Mesa city staff on Jan. 15 introduced a reorganized Office of Innovation and Efficiency (OIE) and a Performance Plus initiative designed to embed data‑informed, outcome‑based decision‑making across departments. Ian Linson (assistant to the city manager), Evan Allred (chief data officer) and Michelle Trejo (performance administrator) described work already underway — from dashboarding and data governance to predictive models developed with Arizona State University — aimed at improving service delivery and targeting resources.

The case for change: "Being efficient is producing the intended community outcomes with minimal waste, delay or rework," Ian Linson said, describing the office’s purpose.
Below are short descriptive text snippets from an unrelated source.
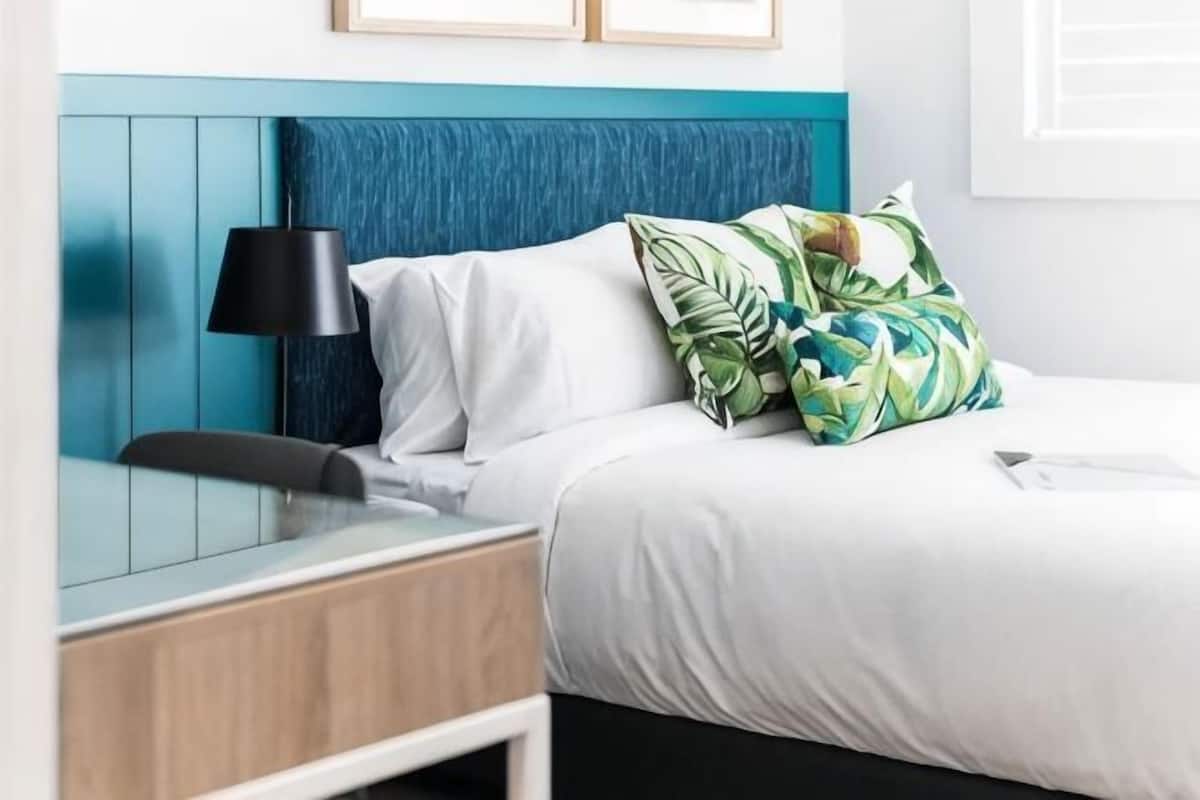 A hotel room with a bed, a desk, a lamp, and a window.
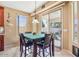 Cozy dining area features a sliding glass door providing access to the backyard at 1145 E Winchester Pl, Chandler, AZ 85286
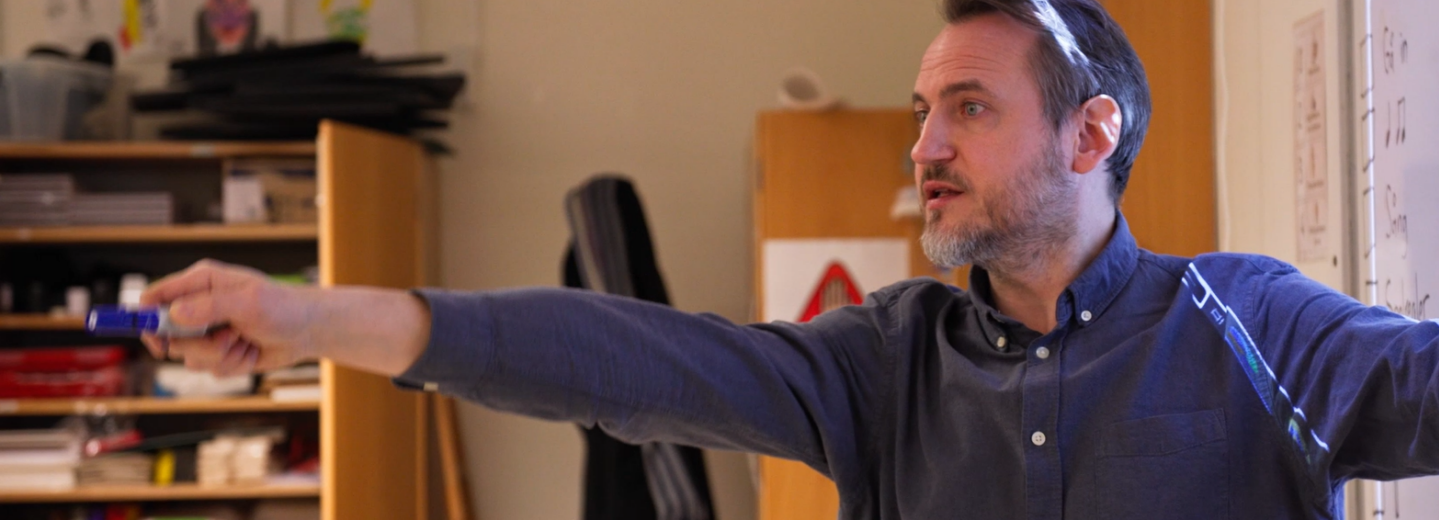 Manlig lärare pekar med en penna i ett klassrum.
Michelle Trejo said the initiative moves the city from outputs to outcomes and will create standardized dashboards linking departmental purpose statements to outcome KPIs, service delivery impact and budget impact tiles.

Examples and partnerships: staff highlighted ongoing analyses — permit turnaround and submittal bottlenecks, public‑records redaction timing, water and energy meter analytics, predictive models for code‑compliance case load and water‑main breaks, and pedestrian injury mapping — some developed with ASU. The team said they will pilot dashboards and make them available to council in the coming months, while cautioning that enterprise‑scale AI and prediction work requires continual validation.

Council questions and governance: Council members pressed who sets and validates KPIs; staff said department directors, assistant city managers and the city manager will align KPIs with council priorities and that the OIE facilitates KPI development and reporting. Members asked for a 'sandbox' preview of dashboards before final rollout and for external validation of predictive models; staff agreed to provide early access and said the city audit team and external partners can be involved in validation.

Next steps: OIE will continue department partnerships (30 departments in initial work), establish KPIs and dashboard templates, and provide pilot dashboards to council ahead of broader rollout. Staff said they expect progressive improvement over multiple budget cycles and emphasized an iterative, data‑informed approach rather than blind reliance on models.